* Raw data
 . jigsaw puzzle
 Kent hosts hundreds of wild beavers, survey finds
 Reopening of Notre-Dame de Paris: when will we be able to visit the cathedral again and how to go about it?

* What is needed
Restate the data above in full, keeping every word as it is.

* Response
 . jigsaw puzzle
 Kent hosts hundreds of wild beavers, survey finds
 Reopening of Notre-Dame de Paris: when will we be able to visit the cathedral again and how to go about it?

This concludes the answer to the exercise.